Сирен посмотрела в другую комнату, но Бретоны занимались своими делами, как будто не замечая возникшего конфликта. От них ей помощи не дождаться. На нее ложилась ответственность за человека на этой постели. Она повернулась к доктору и скрестила руки на груди.
– Вы поступите так, как должны поступить, и я тоже.
– Прекрасно. Это будет на вашей совести. Я ухожу.
Доктор взял свой саквояж и вышел, широко шагая, расправив плечи и вздернув голову. Через секунду лодка осела и снова всплыла – он сошел на берег.
Сирен с замиранием сердца смотрела на Лемонье. Она лечила Бретонов, когда они изредка болели, например, когда у Пьера случались приступы малярии или когда кто-нибудь из них зашибал палец или злоупотреблял выпивкой, но она понятия не имела, что делать при более серьезных травмах. У нее были кое-какие травы, купленные на рынке у женщин индейского племени чокто, хотя она не слишком верила в их силу. Рене Лемонье был крепким человеком и, если бы раны не загноились, несомненно, поправился бы с ней или без нее. И все же страшно было думать, что его жизнь находится в ее руках.
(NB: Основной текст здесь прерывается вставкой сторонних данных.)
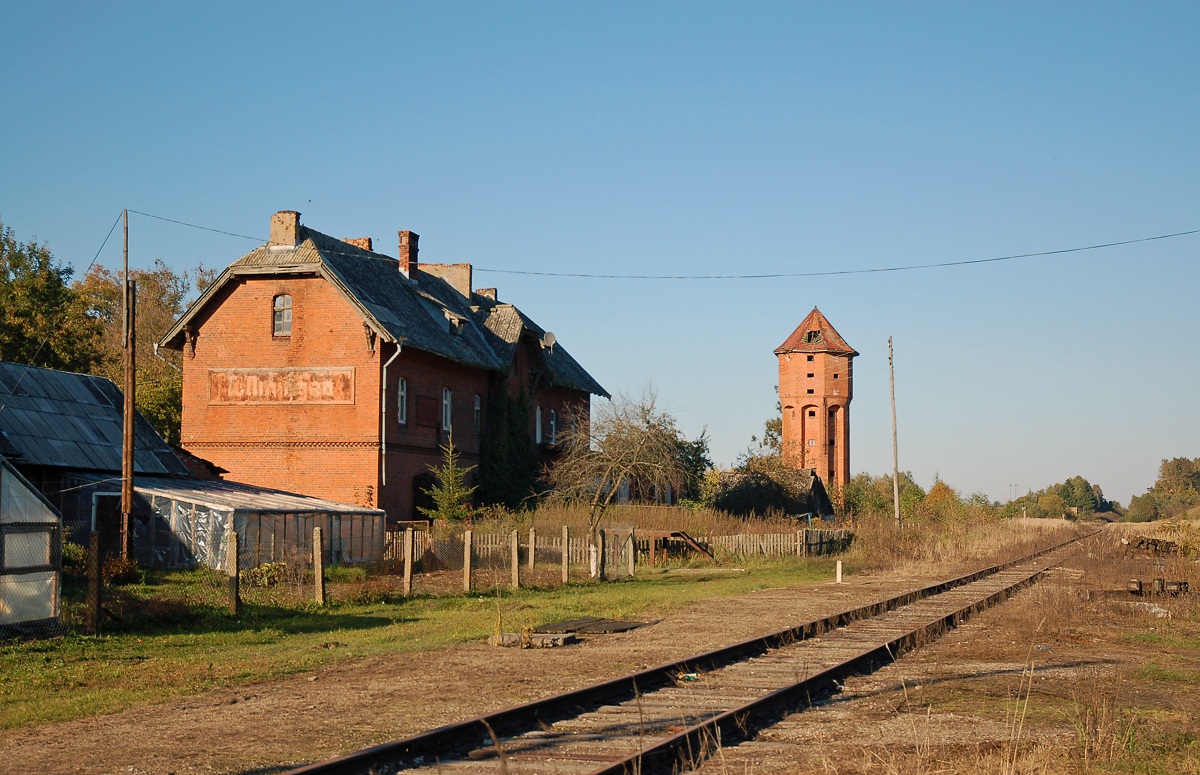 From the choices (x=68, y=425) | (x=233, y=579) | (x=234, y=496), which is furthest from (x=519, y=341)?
(x=233, y=579)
С наступлением вечера в комнатке становилось темнее и прохладнее. Сирен присела возле лежанки и накрыла стеганым одеялом руки больного. Она склонилась над ним, чтобы подвернуть одеяло под плечо, и в этот момент он заговорил.
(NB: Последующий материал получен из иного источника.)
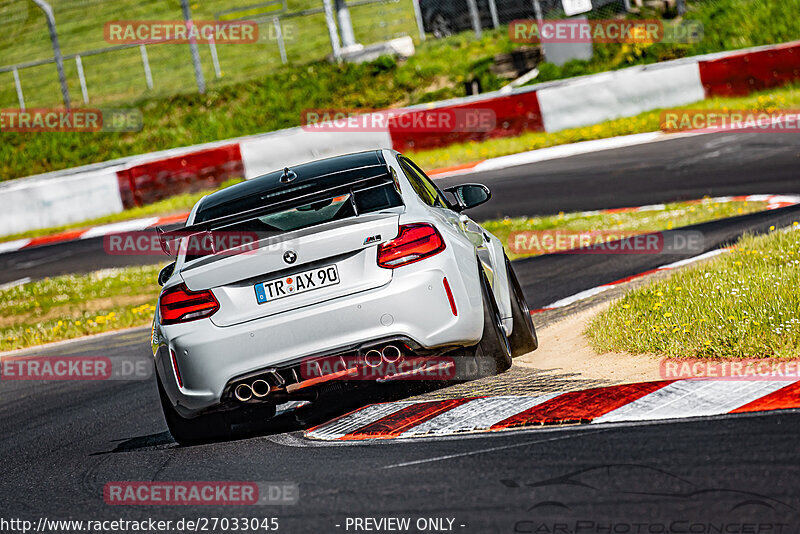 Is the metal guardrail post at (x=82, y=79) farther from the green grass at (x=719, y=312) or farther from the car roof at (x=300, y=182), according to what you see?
the green grass at (x=719, y=312)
Я у вас в долгу, мадемуазель. Я как раз прикидывал, перерезать ли этому напыщенному господинчику глотку его же грязным ножом или просто сломать ему руку, и сомневался, хватит ли у меня хоть на что-нибудь сил.
Она поспешно откинулась назад.
– Вы пришли в себя!
– Почти, – согласился он, не открывая глаз.
– Она с трудом овладела собой.
– Вы не должны тратить силы на разговоры. У меня там варится мясной бульон. Подождите, сейчас принесу.
Тень улыбки скользнула по его лицу.
– На меньшее я не гожусь, и уж, определенно… на большее тоже.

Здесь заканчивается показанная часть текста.